◆ Instructions for the task
Would you please copy each line of the data in which the string "least" occurs?

◆ Record excerpts
=== Section Start ===
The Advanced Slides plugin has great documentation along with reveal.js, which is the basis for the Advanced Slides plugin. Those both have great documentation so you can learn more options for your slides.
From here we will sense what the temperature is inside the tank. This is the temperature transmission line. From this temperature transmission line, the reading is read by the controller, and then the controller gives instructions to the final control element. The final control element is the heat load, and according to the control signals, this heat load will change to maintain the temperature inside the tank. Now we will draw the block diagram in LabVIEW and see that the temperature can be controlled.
=== Section End ===
=== Section Start ===
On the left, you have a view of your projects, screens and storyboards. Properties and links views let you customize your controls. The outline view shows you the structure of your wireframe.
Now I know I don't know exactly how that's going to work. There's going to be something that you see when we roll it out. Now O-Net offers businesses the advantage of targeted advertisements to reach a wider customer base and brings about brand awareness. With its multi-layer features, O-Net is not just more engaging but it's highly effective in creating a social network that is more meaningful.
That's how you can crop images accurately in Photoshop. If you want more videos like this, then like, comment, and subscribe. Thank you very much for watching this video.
=== Section End ===
=== Section Start ===
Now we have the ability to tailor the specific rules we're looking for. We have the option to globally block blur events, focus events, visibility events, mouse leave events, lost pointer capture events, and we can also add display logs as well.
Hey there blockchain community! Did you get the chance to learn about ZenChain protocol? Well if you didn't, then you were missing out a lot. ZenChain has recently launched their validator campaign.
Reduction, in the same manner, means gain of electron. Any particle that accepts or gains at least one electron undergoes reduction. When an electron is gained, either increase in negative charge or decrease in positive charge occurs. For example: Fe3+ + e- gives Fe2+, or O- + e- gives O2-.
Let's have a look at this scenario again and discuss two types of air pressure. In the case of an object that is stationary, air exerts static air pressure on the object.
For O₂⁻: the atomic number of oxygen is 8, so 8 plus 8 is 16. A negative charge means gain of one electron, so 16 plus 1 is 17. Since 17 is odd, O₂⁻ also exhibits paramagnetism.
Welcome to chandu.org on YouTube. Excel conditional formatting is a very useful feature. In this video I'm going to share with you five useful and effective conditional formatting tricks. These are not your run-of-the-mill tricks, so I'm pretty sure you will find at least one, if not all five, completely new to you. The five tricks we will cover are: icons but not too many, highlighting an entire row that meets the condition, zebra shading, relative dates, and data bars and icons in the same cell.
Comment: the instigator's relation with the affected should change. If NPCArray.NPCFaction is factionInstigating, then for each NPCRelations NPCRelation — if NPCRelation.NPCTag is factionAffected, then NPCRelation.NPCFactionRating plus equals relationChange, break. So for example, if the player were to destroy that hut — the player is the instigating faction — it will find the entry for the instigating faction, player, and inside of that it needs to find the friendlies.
=== Section End ===
◆ Answer to the exercise
Reduction, in the same manner, means gain of electron. Any particle that accepts or gains at least one electron undergoes reduction. When an electron is gained, either increase in negative charge or decrease in positive charge occurs. For example: Fe3+ + e- gives Fe2+, or O- + e- gives O2-.
Welcome to chandu.org on YouTube. Excel conditional formatting is a very useful feature. In this video I'm going to share with you five useful and effective conditional formatting tricks. These are not your run-of-the-mill tricks, so I'm pretty sure you will find at least one, if not all five, completely new to you. The five tricks we will cover are: icons but not too many, highlighting an entire row that meets the condition, zebra shading, relative dates, and data bars and icons in the same cell.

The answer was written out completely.